*Dataset extract*:
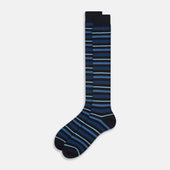 Striped Merino Wool Long Socks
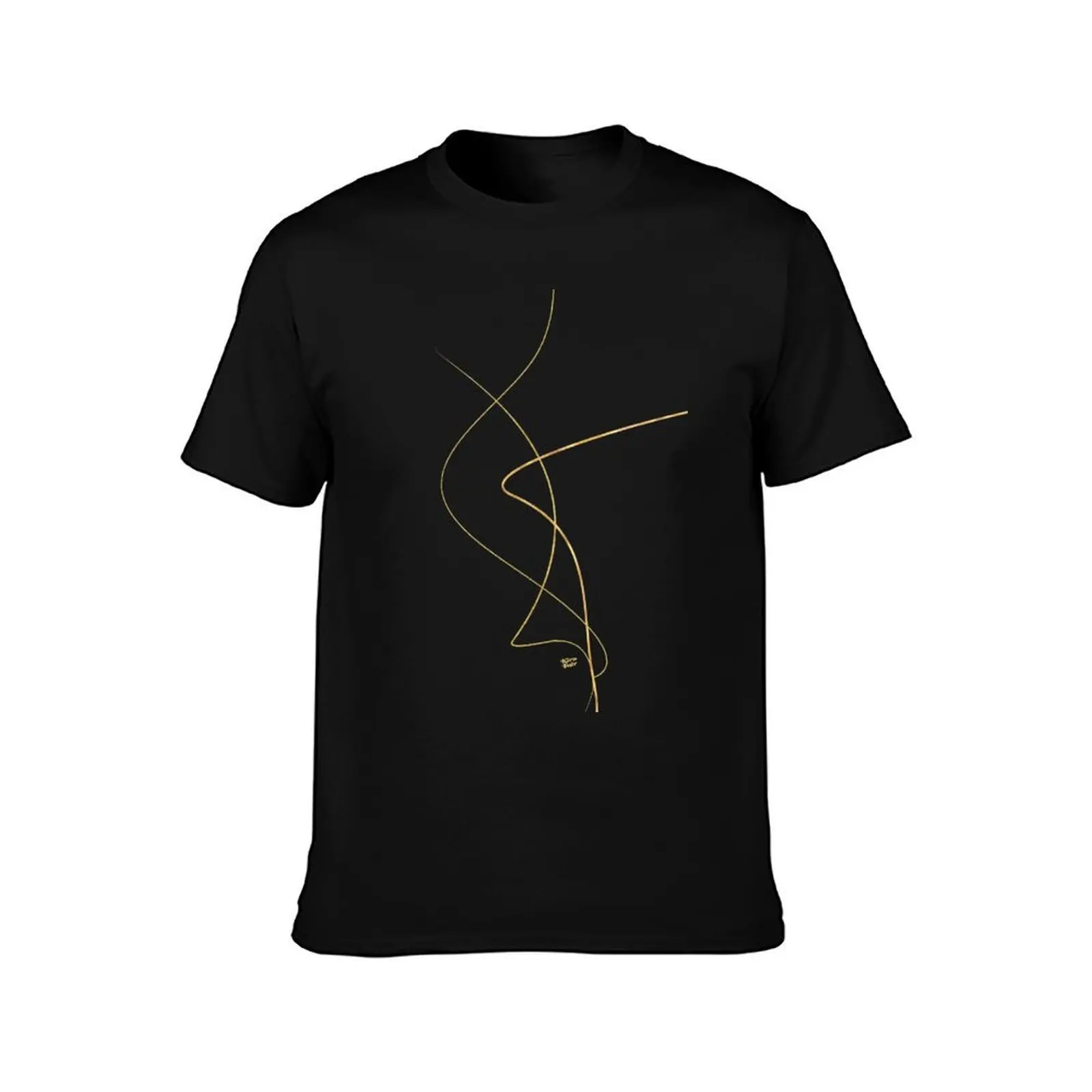 Kintsugi 2 Black #kintsugi #art #decor #buyart #japanese #gold #white #kirovair #design T-Shirt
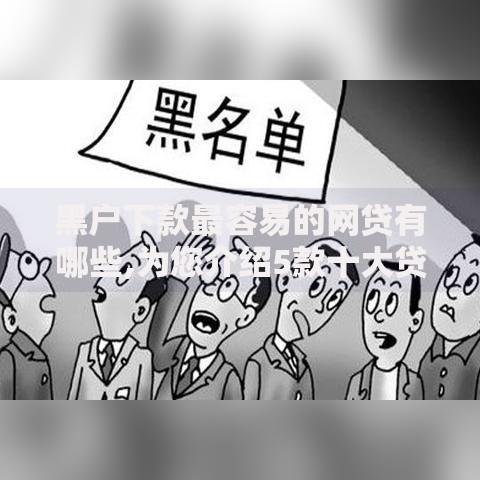 黑户下款最容易的网贷有哪些,为您介绍5款十大贷款平台排名不分先后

*How to complete this task*: Set the entire listing down again, exact in every line, without any pictures.

*Result of this exercise*:
 Striped Merino Wool Long Socks
 Kintsugi 2 Black #kintsugi #art #decor #buyart #japanese #gold #white #kirovair #design T-Shirt
 黑户下款最容易的网贷有哪些,为您介绍5款十大贷款平台排名不分先后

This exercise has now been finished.